The USA generally prides itself regarding diversity and the protection of human rights but as evidenced in it’s long and recent history the country still has a long way to go in terms of promoting racial unity. Blaming others, pointing the finger, and having “knee-jerk” reactions that normally involve forms of racial hatred and intolerance appear must be replaced with tolerance and unity and the police system must integrated enhanced training that eliminates the perceived element of “fear” particularly regarding people of African and Latin descent.


Racism in Europe

Europe has witnessed increased racial hatred in the form of hate speech and racially motivated violent attacks particularly against African and Arab migrants. Some countries with borders along the Mediterranean encounter numerous migrants from North Africa. Despite several provisions in international law including non-refoulement. However, numerous reports illustrate disturbing acts of violence that can be attributed to racial intolerance and racial hatred as majority of the boats attempting to reach European borders are either shot at, left to sink, or turned away to return to dangerous places and situations where death is a reality.

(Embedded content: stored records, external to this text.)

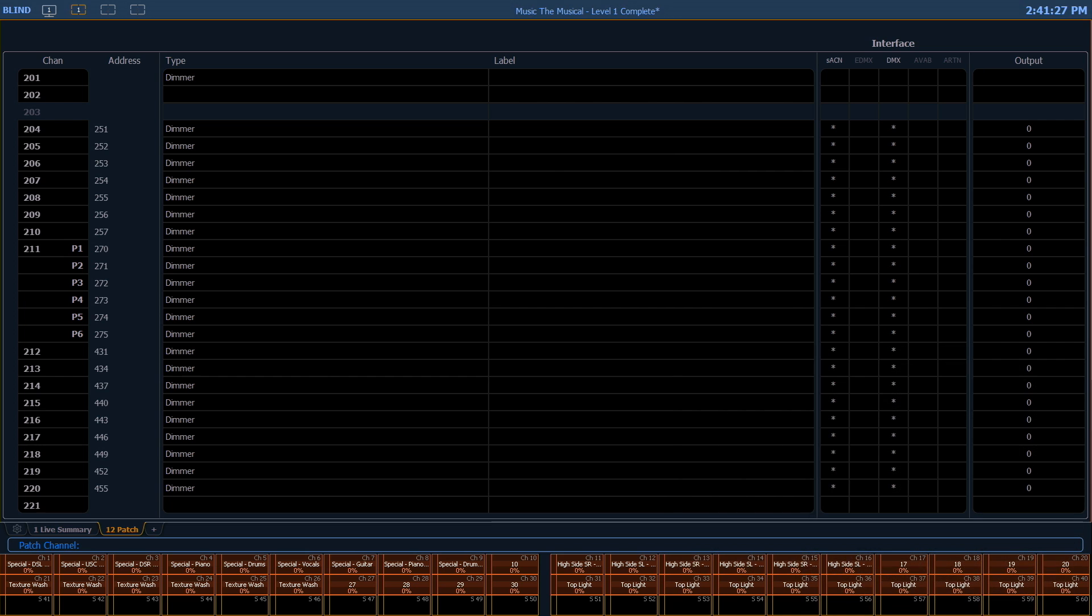Back in the patch. It's also worth noting that this will delete the channel from any record targets in the show. So if this channel had been recorded into cues or submasters, that information is now deleted throughout your entire show file.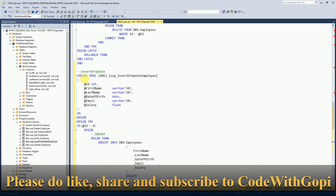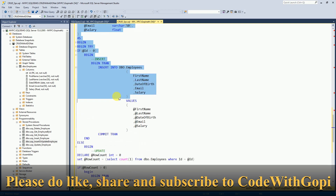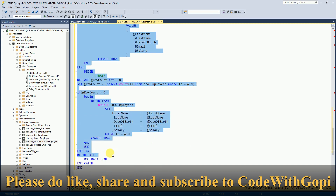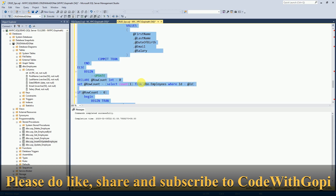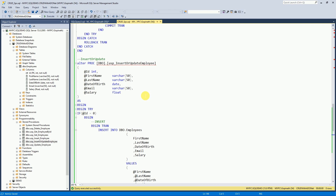I will ALTER this stored procedure to include the validation logic. Like this, we can use a single stored procedure to perform both insert and update operations.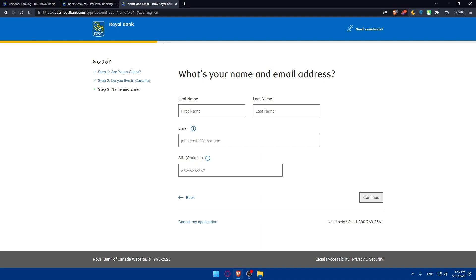That concludes our tutorial on how to create a Royal Bank of Canada checking and saving account online in 2023. We hope this guide has been helpful and that you feel confident managing your RBC account. Remember to keep your login credentials secure and stay informed about RBC's latest offerings and updates. Thank you for watching and best of luck with your new RBC account. If you liked this video, leave a like below, subscribe for more helpful tutorials, and I'll see you in the next video.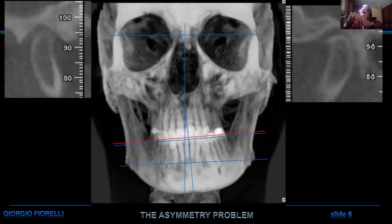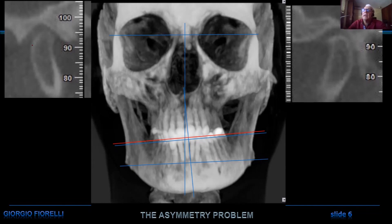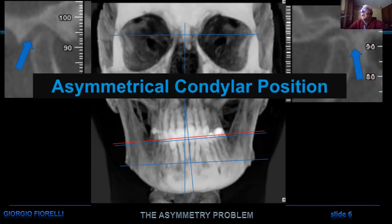Nowadays, we never have a significant asymmetry without me asking for a CBCT. The only real thing I can add from the CBCT to my clinical observation is the position of the condyle. Looking at this, we can see that the two condyles have an asymmetrical position — there is a much larger distance in the two posterior areas. This is important information for my future treatment.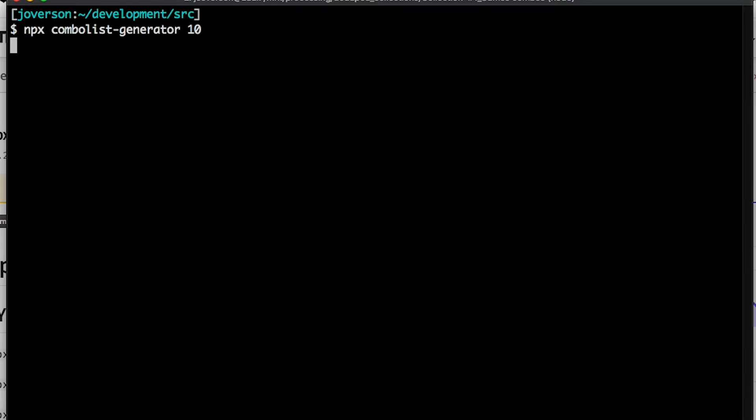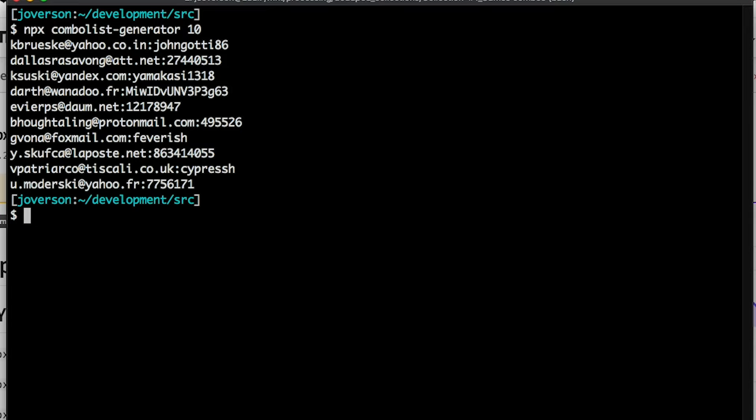You can just do `npx combo-list-generator` and pass it arguments like you would anything else. This is a tool I put together in just a few minutes to generate fake combo list data. Combo lists are things that criminals distribute on the dark web with credentials and passwords. I don't want to use real data, so I made something that just generates something fake — and I use NPX to run it because I don't really want to install it everywhere.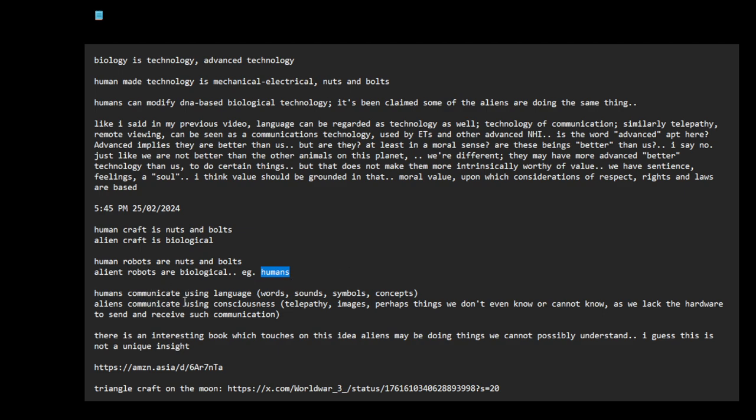Humans communicate using language, which are words, sounds, symbols, concepts, math. When we try to model the world, we use symbolic representations. So anything we create is derived from the models we create in our minds. So our technology is a product of our hardware. Our brains can only visualize symbols, symbolic representations. So we are limited by what we can understand and create. They are mediated through language. We can only model things using symbols.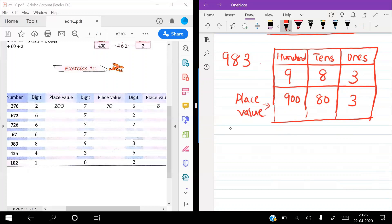Can you solve the question? In the question, there are many numbers. The first number, 276, is solved for you. You can write 1s, 10s, and 100s on the top. 2 is in the 100s place — 200. 7 is in the 10s place — 70. And 6 is in the 1s place — 6.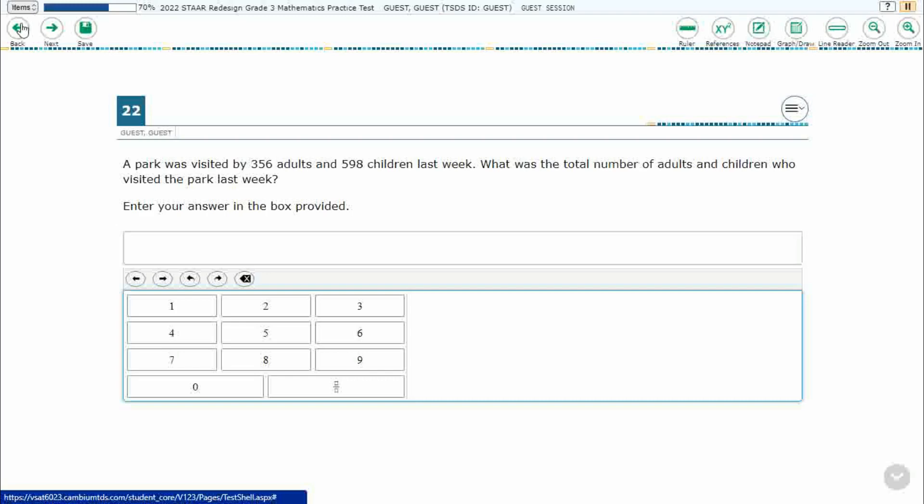A park was visited by 356 adults and 598 children. What was the total number of adults and children who visited the park? It seems pretty straightforward here, but first we've got to solve it, then we've got to figure out how to answer it.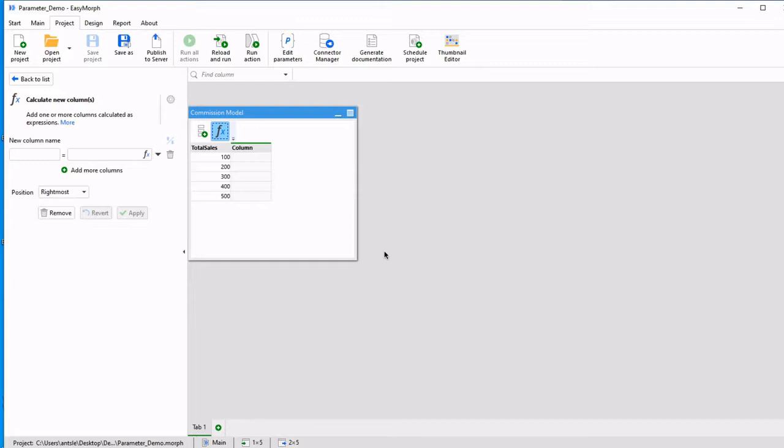Hi, today we're going to talk about parameters in EasyMorph. What are they, how do they work, and what can I do with them?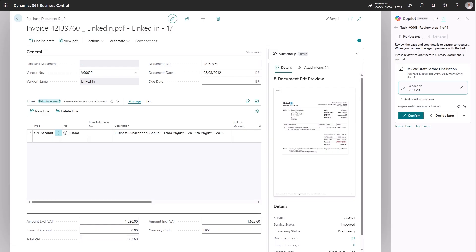For users to adopt AI, it's important that they trust AI. Therefore, we're surfacing the Payables agent's reasoning to the user, so they know why the agent suggested a certain field value.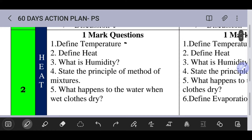Discussion questions include: Define temperature — what is temperature? Define heat — what is heat? What is humidity? Humidity relates to water vapor in the air. How much amount of heat is present?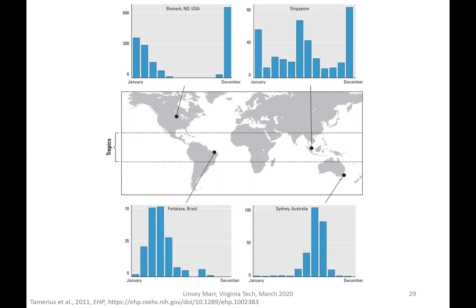Things are a little different in the tropics. In the upper right, the pattern for Singapore shows two peaks — one in December/January, and one in the middle of the year. There's not much seasonal variation in temperature there, but there's some thought that it has to do with the rainy period. And then in Fortaleza, Brazil, there's yet a different pattern where the peaks are in around March or April.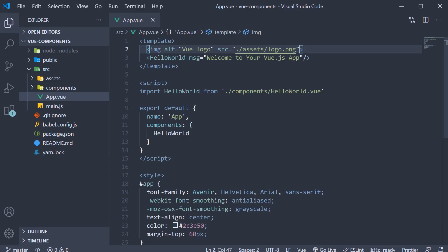Now to get us started, I have created a brand new project to learn all about components in view. The project name is view-components. You can find the same on my GitHub repo.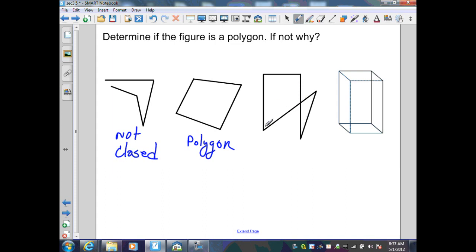In the third figure, I have segments that intersect at points other than their endpoints. Also, here is a segment and here is a segment — they do intersect at their endpoints, but they are collinear. In either case, this is not a polygon because segments intersect at points other than their endpoints. The fourth figure is not a polygon because it's not contained in a single plane.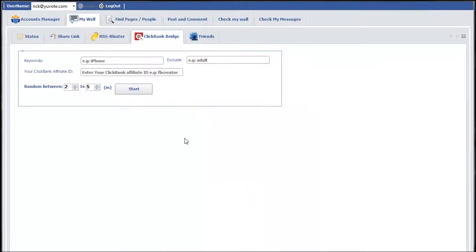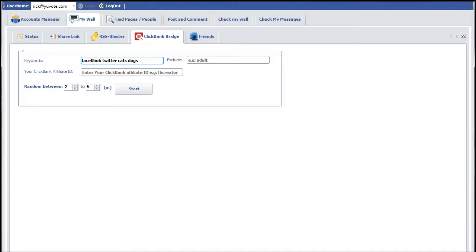Next up is the ClickBank Bridge tab within the Wall tab. Here you would put keywords of products you want to search for. Say if you just want to search for Facebook products, you put that in there. If you want multiple products, you continue putting a space in between each one. In this case, I'd be searching the ClickBank catalog for 'Facebook,' 'Twitter,' 'cats,' and 'dogs' — any description with those terms would be included in the results and posted to the wall.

As well, several countries, especially in Eastern Europe Racial Discrimination against Roma persist as many are unable to find accommodation due to their ethnicity. Furthermore, many Roma children are discriminated against regarding education.

Roma children in the slum of Jarovnice, Slovakia [image: Al-Jazeera]

When promoting ‘inclusion’ the participation of all relevant actors, especially victims, from grass roots levels to decision-making processes and dialogues must take place in order to ensure the voices and contributions of all are welcomed.


Conclusion and GICJ Position

In conclusion, while we celebrate the 70th Anniversary of the Universal Declaration of Human Rights GICJ highlights Article 1 of the Declaration that states:

“all human beings are born free and equal in dignity and rights. And based on Article 2, everyone is entitled to all the rights and freedoms set forth in the Declaration, without distinction of race or any other kind.”

Despite this first article expressed in the milestone document proclaimed by the UN General Assembly in 1948, we still witness various forms of the evil of racism across all regions of the globe 70 years later. It is also very worrying that there remain countless incidents of racial hatred, racial discrimination, and violent acts on targeted individuals or groups based race that go unreported and undocumented due to disempowerment, unawareness, and just as troubling a distrust in legal and other systems in terms of follow-up, accountability, redress, retribution and justice.

Ms. Fatou Diome noted during the “Debate on Racial Discrimination” on the 19th of March, 2018 at the UN Human Rights Council,

“We give people nice words but we treat them horribly”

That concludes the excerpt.